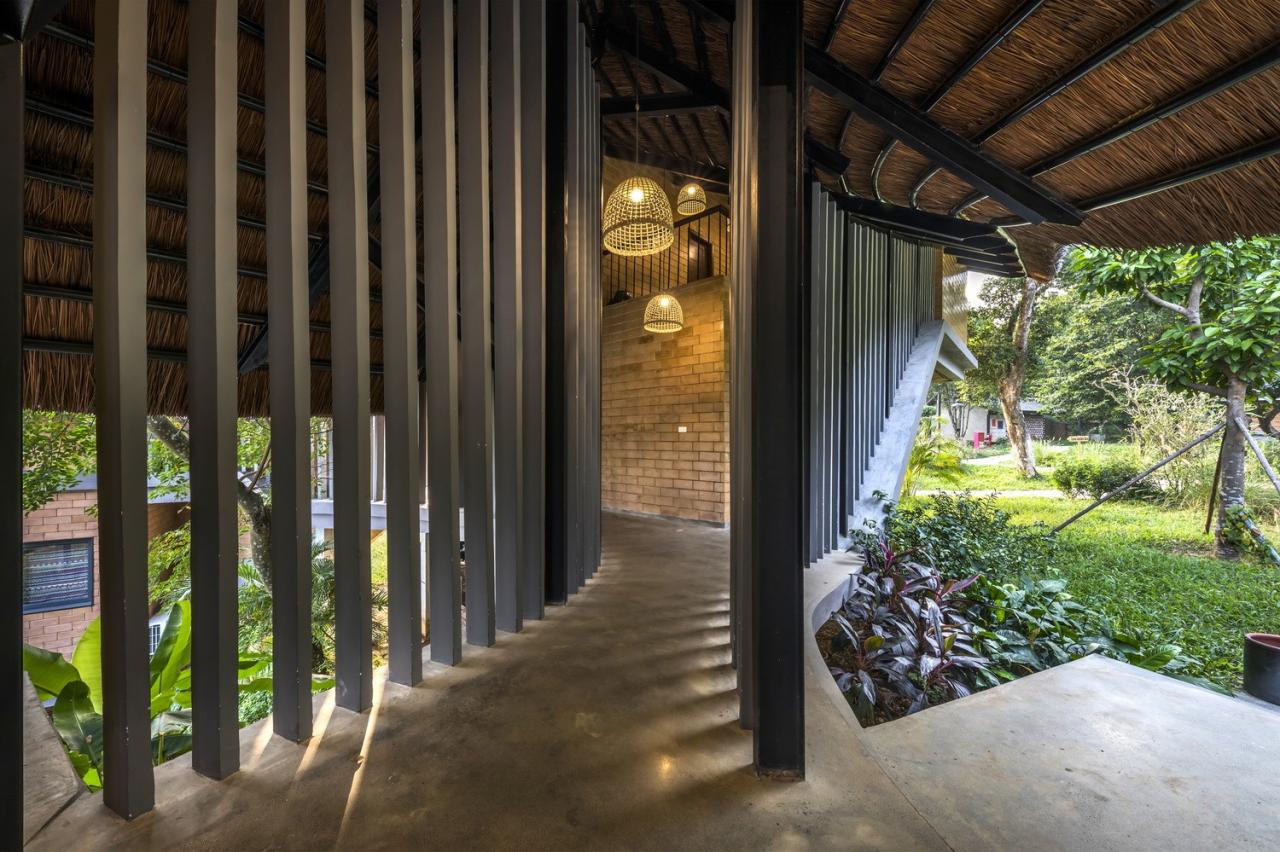 BIM建筑|姐妹之家 / 1+1>2 Architects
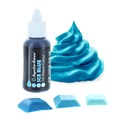Sugarflair Oil Based Colour Ice Blue 30ml Alternative Image
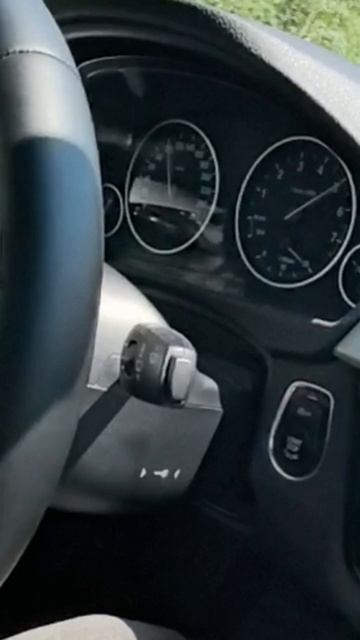 BMW F30 - завышенные адаптационные значения в АКПП и результат на тест-драйве #BMW #ista #акпп #бмв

◆ **Task goal**: Restate, word for word, all of the material above, leaving out the images.

◆ **Expected answer**:
 BIM建筑|姐妹之家 / 1+1>2 Architects
Sugarflair Oil Based Colour Ice Blue 30ml Alternative Image
 BMW F30 - завышенные адаптационные значения в АКПП и результат на тест-драйве #BMW #ista #акпп #бмв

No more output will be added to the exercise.